» **ABOUT THIS TASK**:
For every record beneath this instruction, give an exact repetition, omitting images.

------ DATA SHOWN ------

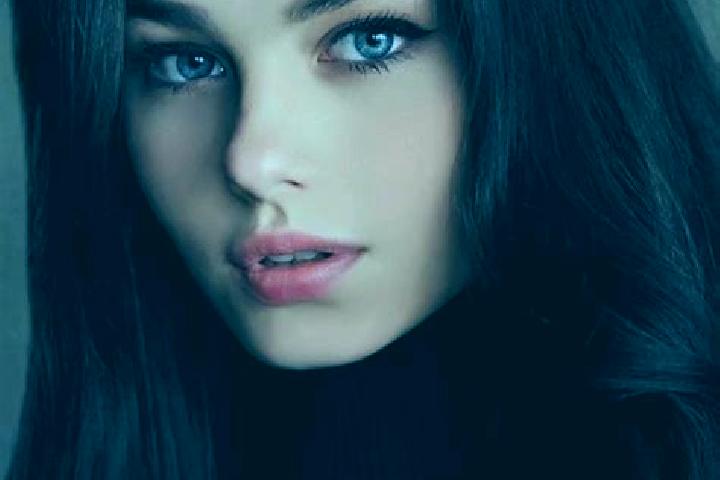 Lillian, 20, a brunette grey-eyed slavic companion based in Sambuco. Offering Erotic Massage, Deep French Kissing, Duos, Party Girl, Domination. Available fo...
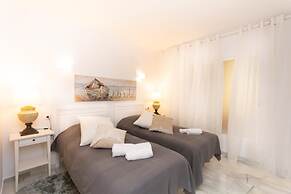 Calahonda Elegance With Pool And Sea View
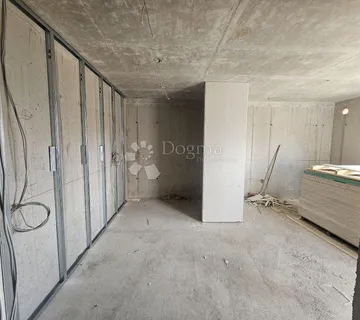 Jednosoban stan u prizemlju u Kaštel Starom! - Kaštel Stari, Kaštela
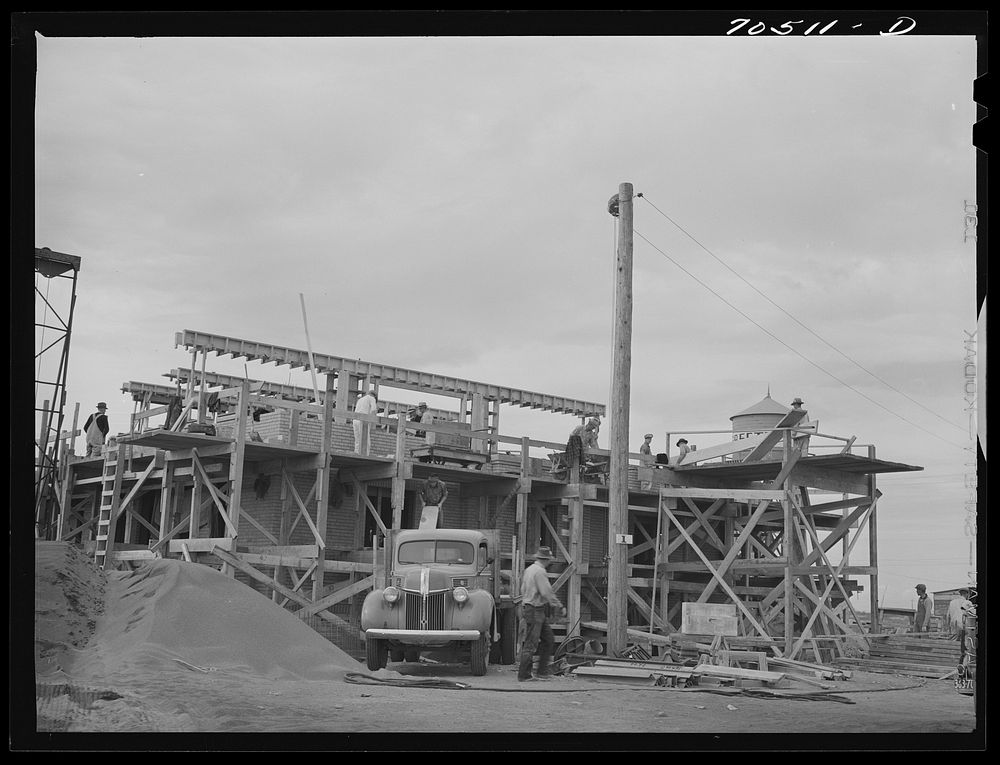 Construction work on headquarters building at the Umatilla ordnance depot. Hermiston, Oregon. by Russell Lee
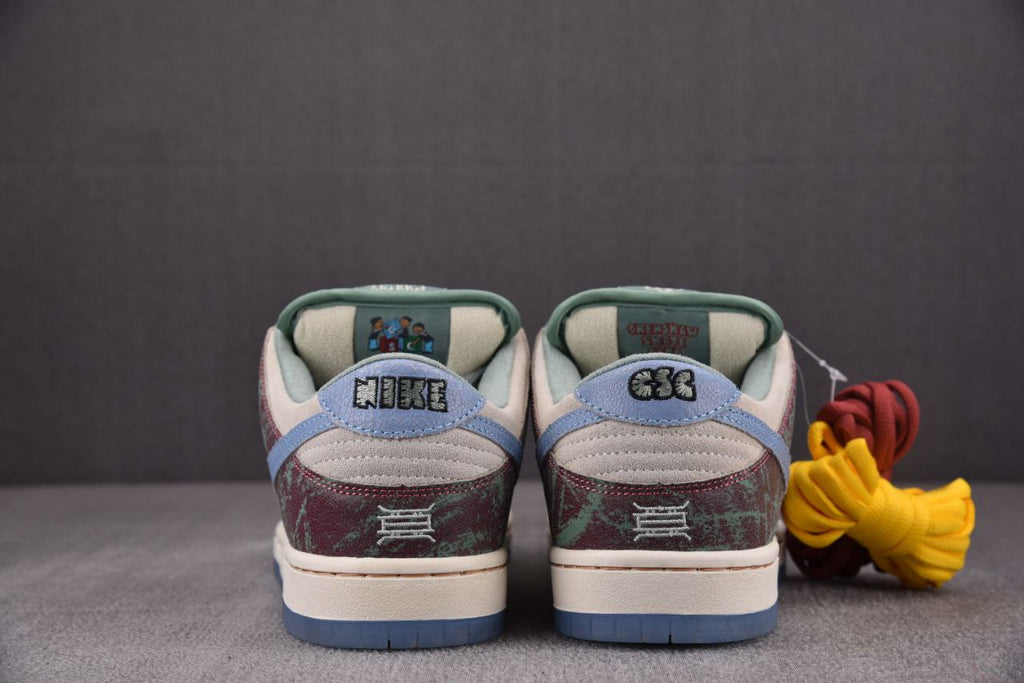 Nike SB Dunk Low Crenshaw Skate Club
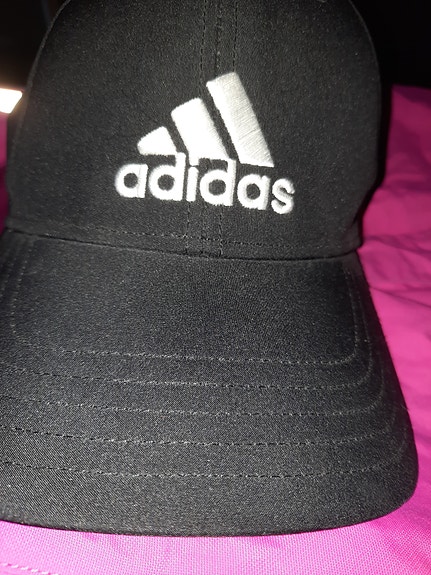 Adidas lippis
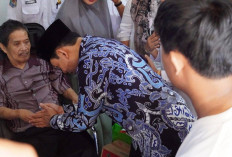 Wali Kota Bengkulu Serahkan Bantuan Kursi Roda, Pastikan Warga Kurang Mampu Dapat Perhatian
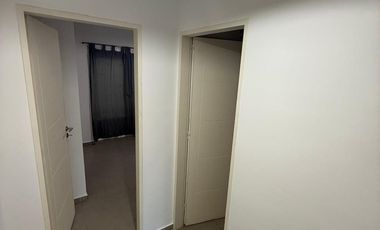ALQUILER  2 AMBIENTES -  CASEROS -CERCANO AL CTRO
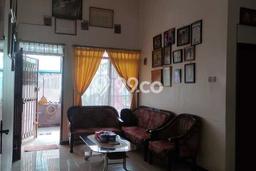 Rumah Asri di Taman Kopo Indah, Bandung, Luas 153m² LB 225m² Rumah Asri di Taman Kopo Indah, Bandung, Luas 153m² LB 225m²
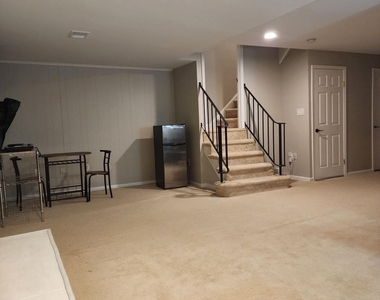 9016 Okeith Court - Photo Thumbnail 10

------

» **SOLUTION TO THE PROBLEM**:
 Lillian, 20, a brunette grey-eyed slavic companion based in Sambuco. Offering Erotic Massage, Deep French Kissing, Duos, Party Girl, Domination. Available fo...
 Calahonda Elegance With Pool And Sea View
 Jednosoban stan u prizemlju u Kaštel Starom! - Kaštel Stari, Kaštela
 Construction work on headquarters building at the Umatilla ordnance depot. Hermiston, Oregon. by Russell Lee
 Nike SB Dunk Low Crenshaw Skate Club
 Adidas lippis
 Wali Kota Bengkulu Serahkan Bantuan Kursi Roda, Pastikan Warga Kurang Mampu Dapat Perhatian
ALQUILER  2 AMBIENTES -  CASEROS -CERCANO AL CTRO
 Rumah Asri di Taman Kopo Indah, Bandung, Luas 153m² LB 225m² Rumah Asri di Taman Kopo Indah, Bandung, Luas 153m² LB 225m²
 9016 Okeith Court - Photo Thumbnail 10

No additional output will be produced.